Encode all binary fields as hex strings

@dataclass
class HexEncodeConfig:
    tables: Optional[list[str]] = None
    prefixed: bool = True

tables parameter can be used to specify which tables should be encoded. All tables are encoded if tables parameter is left None.

prefixed parameter chooses between prefixed-hex('0x..', eth style) and regular hex encoding.

U256ToBinary

Convert all Decimal256 columns to trimmed and big endian encoded binary values. This binary representation is the same as how it is done in ETH RPC and all eth related tools.

@dataclass
class U256ToBinaryConfig:
    tables: Optional[list[str]] = None

tables parameter can be used to specify which tables should be encoded.
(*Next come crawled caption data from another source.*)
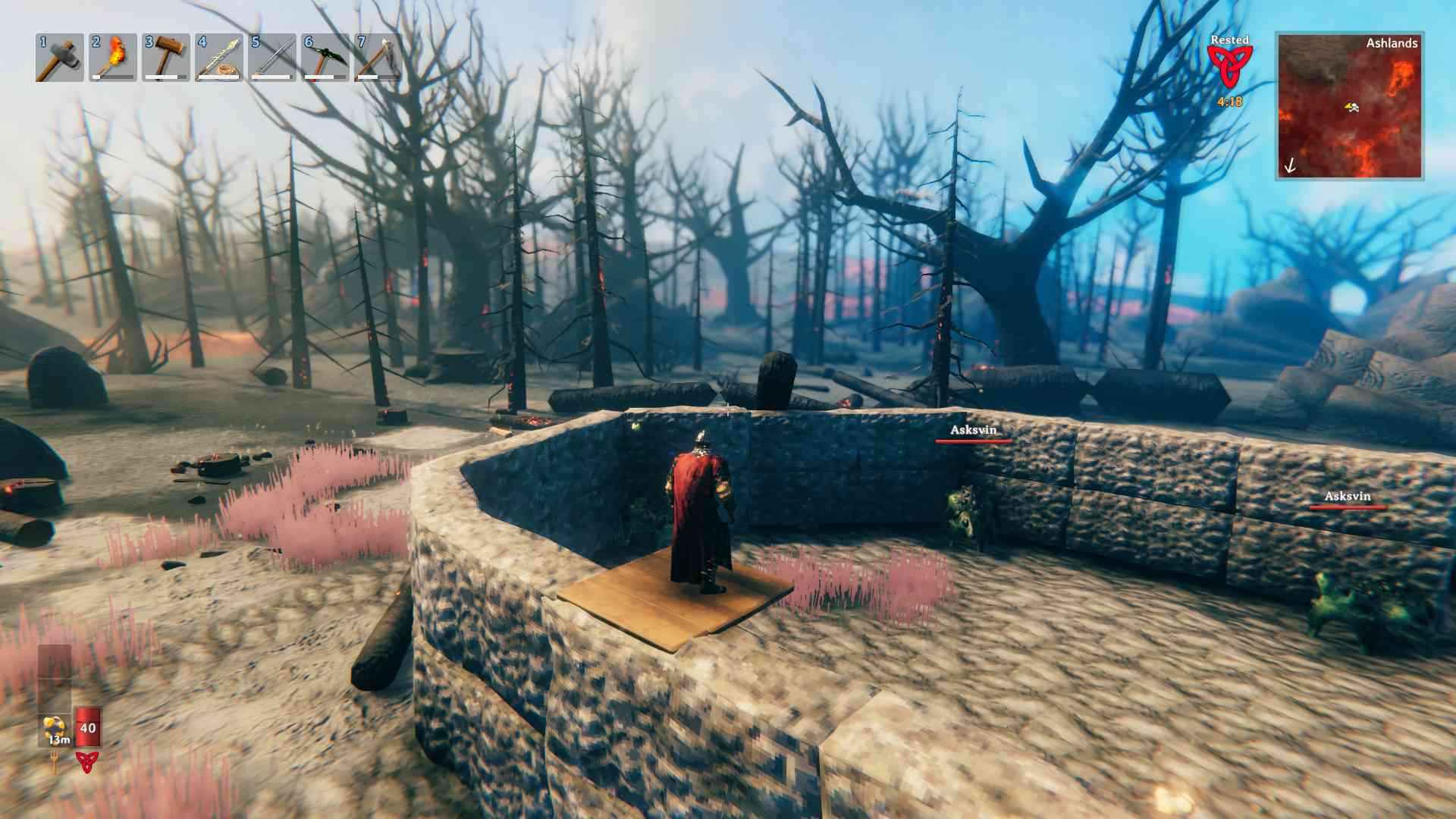 Drop Smoke Puffs or Vineberry Clusters to start taming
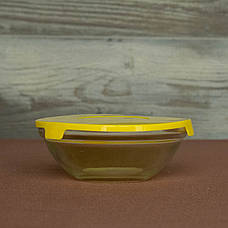 Судочки скляні з пластиковими кришками 5 шт., фото 2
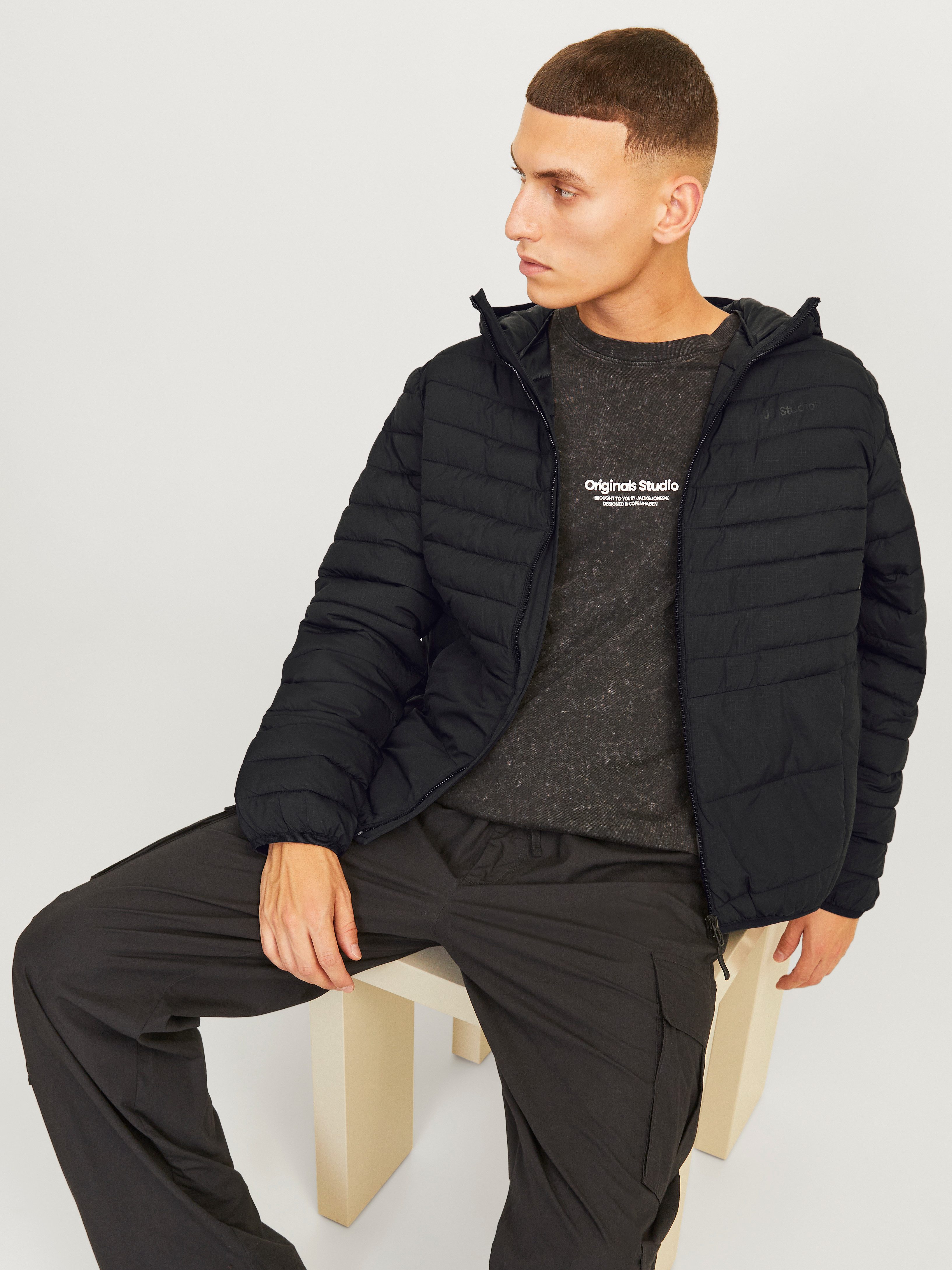Jack & Jones Gewatteerde jas JJESTATE PACKABLE PUFFER HOOD NOOS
All tables are encoded if tables parameter is left None.

Writing Custom Steps

Custom steps can be specified like so:

from cherry_etl import config as cc

cc.Step(
    kind=cc.StepKind.CUSTOM,
    config=cc.CustomStepConfig(
        runner=my_custom_step,
    ),
),

where join_data is an arbitrary python function with this signature:

def my_custom_step(data: Dict[str, polars.DataFrame], _: Any) -> Dict[str, polars.DataFrame]:
    pass

This mechanism can be used to enrich the data with external sources like eth_call or ipfs.

It can also be used to just join the input tables like this:

def join_data(data: Dict[str, polars.DataFrame], _: Any) -> Dict[str, polars.DataFrame]:
    blocks = data["blocks"]
    transfers = data["transfers"]

    bn = blocks.get_column("number")
    logger.info(f"processing data from: {bn.min()} to: {bn.max()}")

    blocks = blocks.select(
        polars.col("number").alias("block_number"),
        polars.col("timestamp").alias("block_timestamp"),
    )
    out = transfers.join(blocks, on="block_number")

    return {"transfers": out}

Appendix

Polars and Decimal types (UInt256)

Note: This section is irrelevant if you are using datasets since datasets handle this internally.

Polars doesn't properly support Decimal256 type yet so it is not possible to work with ethereum uint256 values natively. We prefer to cast these values to Decimal128 if possible, we cast it to binary or string if it doesn't fit in that.

You can use the built-in CastByType step to cast all Decimal256 columns to Decimal128 like this:

from cherry_etl import config as cc

cc.Step(
    kind=cc.StepKind.CAST_BY_TYPE,
    config=cc.CastByTypeConfig(
        from_type=pa.decimal256(76, 0),
        # can also use `pa.string()` as `to_type` here to get string values like '123213'
        to_type=pa.decimal128(38, 0),
    ),
),

Or you can use U256ToBinary step to cast all u256 columns to big endian (eth compatible) encoded binary values

from cherry_etl import config as cc

cc.Step(
    kind=cc.StepKind.U256_TO_BINARY,
    config=cc.U256ToBinary(),
)

Some output formats also don't support Decimal256 but all of them support Decimal128 so this can be useful if you are having trouble writing Decimal256 to your output.